Illustration of economist and author Dambisa Moyo.Anthony Jenkins/The Globe and Mail

It is a privilege asserted by celebrities. On occasion, before you sit down with a movie star who is in the midst of a troubling personal situation - say, an action hero in marital meltdown from too much action on the side; or a starlet recently sprung from the clink after a spot of shoplifting - a personal publicist will pull you aside and try to insist you not ask "personal questions."

But what is to be made of an international economist who begins a conversation with the same suppressing stipulation? The other day, the author Dambisa Moyo was still settling into a banquette at the French bistro Le Select in downtown Toronto to discuss her new book, How the West Was Lost when she said, "I don't know whether they told you - I suppose it depends where the conversation goes - but I don't do personal."

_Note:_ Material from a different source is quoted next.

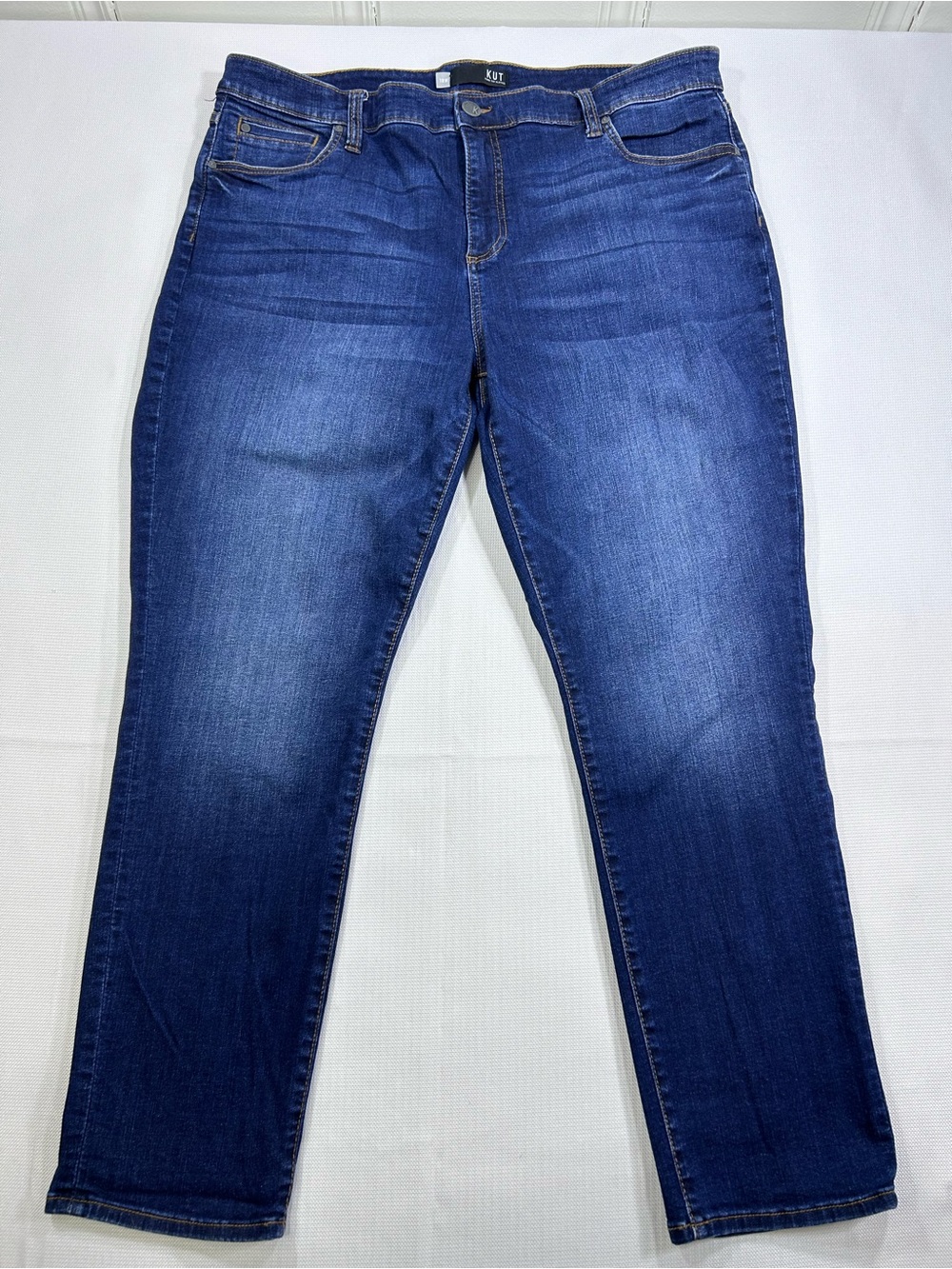 Kut From The Kloth Catherine Boyfriend Jeans 18W Dark Wash Stretch Denim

What does that mean? "My whole personal life. I just don't think it's relevant or interesting."

Is Ms. Moyo being coy? Willfully naive? For her status - indeed, one might say her celebrity, or her brand - is indubitably due in part to her unusual biography.

Two years ago, she became the It Girl of the popular economics press for her first book, Dead Aid, which argues that development aid to Africa had bred corruption and dependence on the West. While a number of Western thinkers had made the same case, here was a native daughter of Zambia finally giving them cover from accusations of racism and stinginess. Forbes ran an excerpt. The New York Times called her "the anti-Bono." Time magazine put her on its list of the world's 100 most influential people of 2009. The book became a bestseller and was translated into Chinese, German, Greek, Italian, and other languages.

Born in Lusaka, Ms. Moyo, 42, spent her early years in the United States, where her father earned his PhD. The family returned to Zambia when she was 8 years old. Her mother took a job in banking, eventually becoming the chairwoman of the state-owned Indo-Zambia Bank; her father heads a local anti-corruption organization. At age 19, Ms. Moyo followed her parents' expatriate inclinations, leaving Zambia to work at the World Bank. She received a masters of public administration from Harvard's Kennedy School of Government, an MBA in finance at the American University in Washington, D.C., and a doctorate in economics from Oxford University.

After working about eight years for Goldman Sachs in capital markets, primarily conducting bond issues for emerging economies such as Turkey, South Africa and Israel, Ms. Moyo left the bank upon the publication of Dead Aid to pursue life as a public intellectual.

If it seems a glamorous existence, it can also be gruelling. Before her 24-hour stop in Toronto, she'd been on the road for six weeks. Still to come in the next seven days was Ottawa, Boston, New York, Houston, Bogota, Cartagena and Atlanta. She wouldn't be home in London for another week after that. A cold she'd picked up along the way was sapping her energy and appetite, leaving her poking dutifully but without enthusiasm at a goat cheese omelette.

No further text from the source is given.